Tuesday, December 11, 2012

Irish-American Oceanography


I've been in Galway, Ireland for two months now due to a scientific collaboration among my lab at Scripps Institution of Oceanography in San Diego, NIBEC at the University of Ulster, and the School of Physics at the National University of Ireland, Galway. We're preparing for a scientific expedition to the sub-tropical Atlantic, leaving a volcano in the archipelago of the Canary Islands (Spain) and landing on a volcano a few thousand kilometers north in the archipelago of the Azores (Portugal). We'll be at sea for exactly one month, studying the chemical properties of the ocean over which we pass.


I'm a chemical oceanographer. I am part of a team inventing a sensor designed to measure dissolved carbon dioxide in seawater. Carbon dioxide is increasingly well known and discussed due to its role as a greenhouse gas: a molecule which helps to keep heat inside of our atmosphere. Without CO2, the planet would be drastically colder; some CO2 is needed for life as we need it. However, we're now drastically altering natural cycles. The additional CO2 in the atmosphere largely comes from fossil fuels which took eons to be created and trapped below the Earth's surface. We're now extremely efficient at sucking it up from below the surface, using it for quite a few different purposes, and, in the process, putting it into the atmosphere in the form of carbon dioxide gas. It's not novel to have CO2 in the atmosphere, or even to have very high concentrations of it there, but it is at the very least worth considering the celerity at which which humans have managed to alter nature (day-by-day, year-by-year, century-by-century), especially when compared to the speed at which nature alters nature (day-by-day can happen, sure, but most changes of comparable magnitude take tens of thousands up to tens of millions of years).

I started this post talking about oceanography and seemingly became distracted by atmospheric chemistry. I strongly believe that it's critical to understand a bit about the atmosphere to know the rationale for what I do. Approximately one-third of the carbon dioxide released into the atmosphere (I'll do my best to keep my facts straight here; if I'm wrong in speaking about specific numbers, it was an honest mistake) ends up dissolving into seawater. While this is good at buffering atmospheric climate change (AKA global warming), it has its own deleterious effects on the ocean.
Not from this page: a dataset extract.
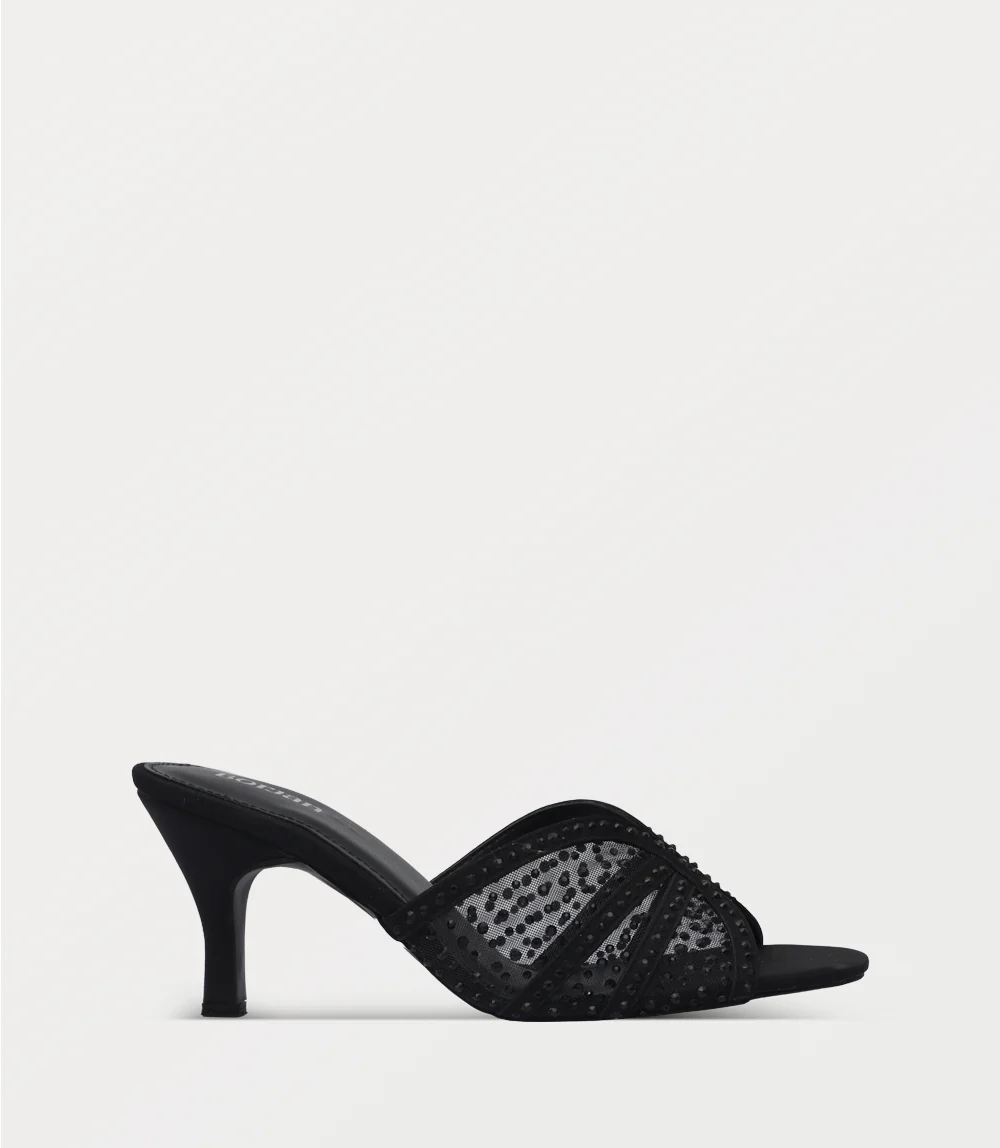 Women Slipper Heels-BLACK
When carbon dioxide dissolves in water, it creates an acid (specifically, carbonic acid). This is called ocean acidification. The resultant shift in chemical balances causes some life-critical molecules to be in shorter supply in the ocean. For example, some shell-building organisms have a much harder time finding a principal component of their shells, making it harder for them to protect themselves, survive, and reproduce. Remember the experiment that most of us did or at least learned about in elementary school where we saw a tooth dissolve in soda? That experiment has a lot in common with what we're doing to the oceans now. The tooth in the soda and the creatures in the ocean both dissolve due to higher levels of acidity than they're evolutionarily designed to handle.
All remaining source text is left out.